**TASK DIRECTIONS**:
From the line that contains "Ejoya Kişiye Özel" down to the last line of the entries, repeat every line exactly. Do not carry over the pictures.
Start of THE DATA
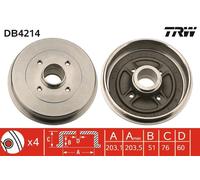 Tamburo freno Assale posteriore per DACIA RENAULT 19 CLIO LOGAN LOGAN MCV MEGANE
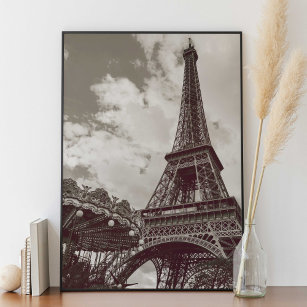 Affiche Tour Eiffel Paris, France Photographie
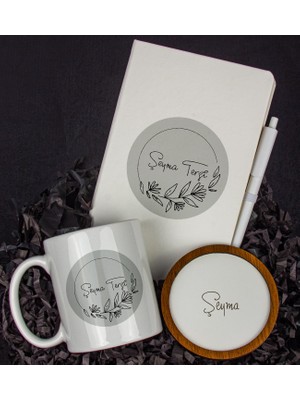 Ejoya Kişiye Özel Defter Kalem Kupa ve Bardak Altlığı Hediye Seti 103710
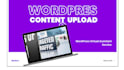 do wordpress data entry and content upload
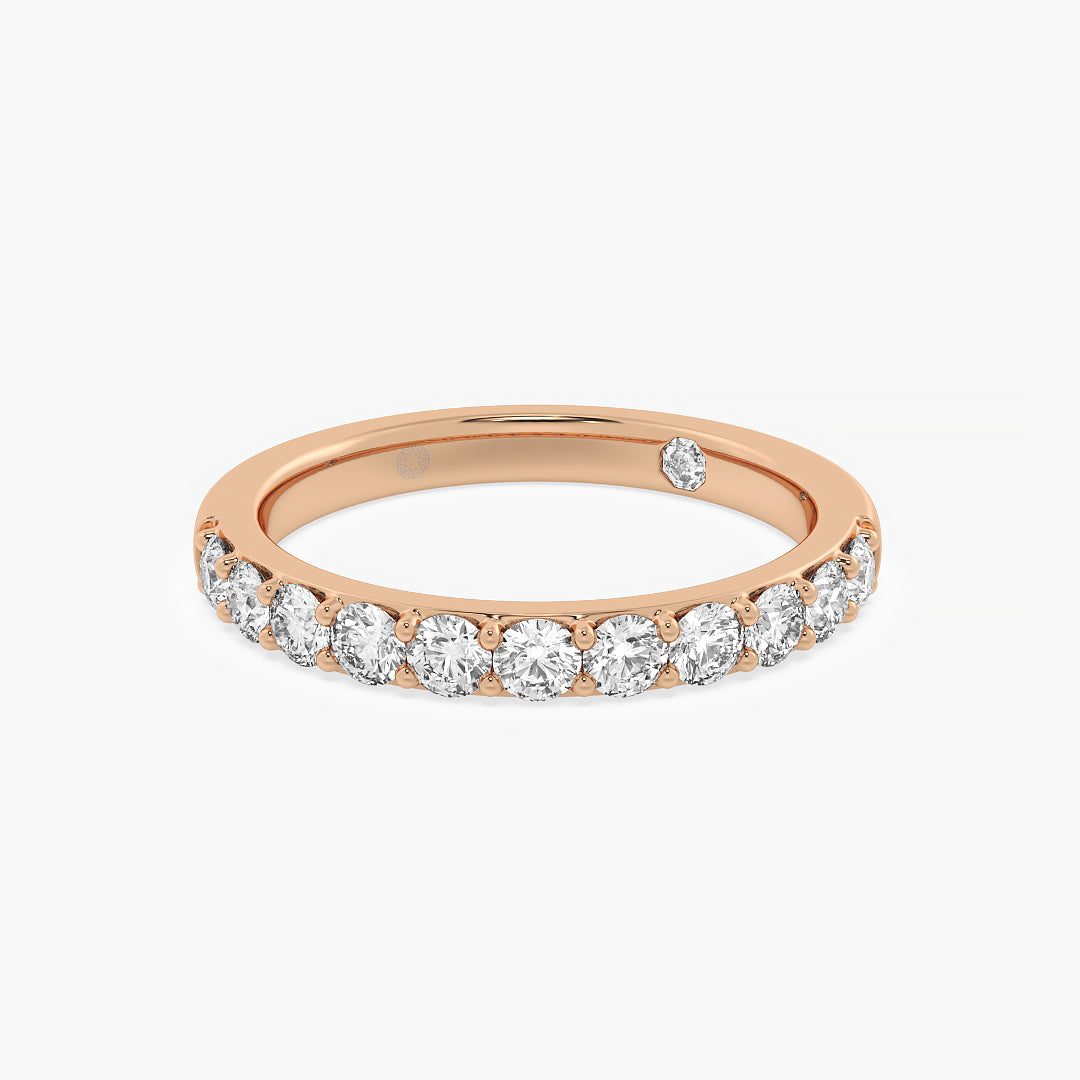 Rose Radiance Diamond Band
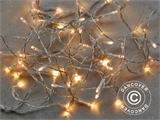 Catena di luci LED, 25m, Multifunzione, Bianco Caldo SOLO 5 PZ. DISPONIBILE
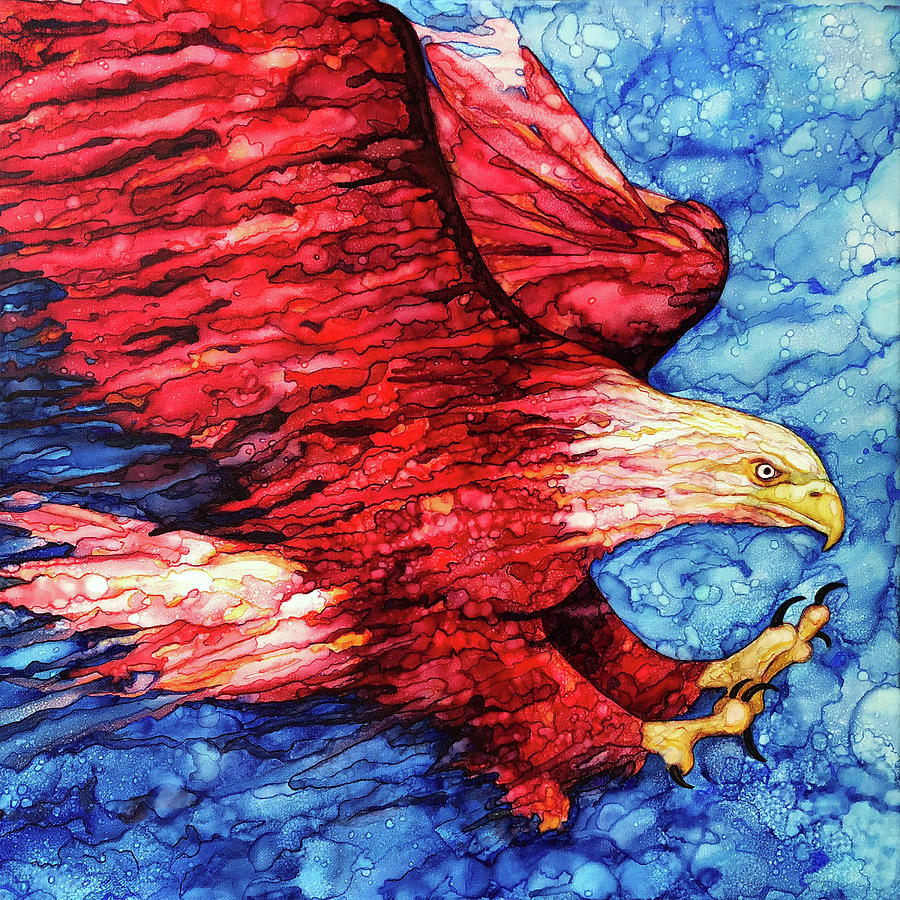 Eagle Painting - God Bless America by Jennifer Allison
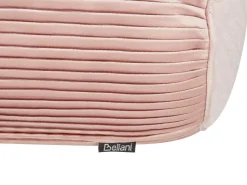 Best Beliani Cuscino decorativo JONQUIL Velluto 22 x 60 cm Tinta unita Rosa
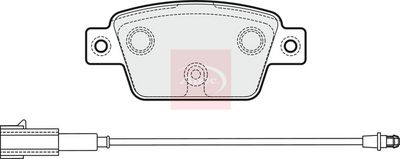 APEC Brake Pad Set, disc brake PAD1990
End of THE DATA
**TASK ANSWER**:
 Ejoya Kişiye Özel Defter Kalem Kupa ve Bardak Altlığı Hediye Seti 103710
 do wordpress data entry and content upload
 Rose Radiance Diamond Band
 Catena di luci LED, 25m, Multifunzione, Bianco Caldo SOLO 5 PZ. DISPONIBILE
 Eagle Painting - God Bless America by Jennifer Allison
 Best Beliani Cuscino decorativo JONQUIL Velluto 22 x 60 cm Tinta unita Rosa
 APEC Brake Pad Set, disc brake PAD1990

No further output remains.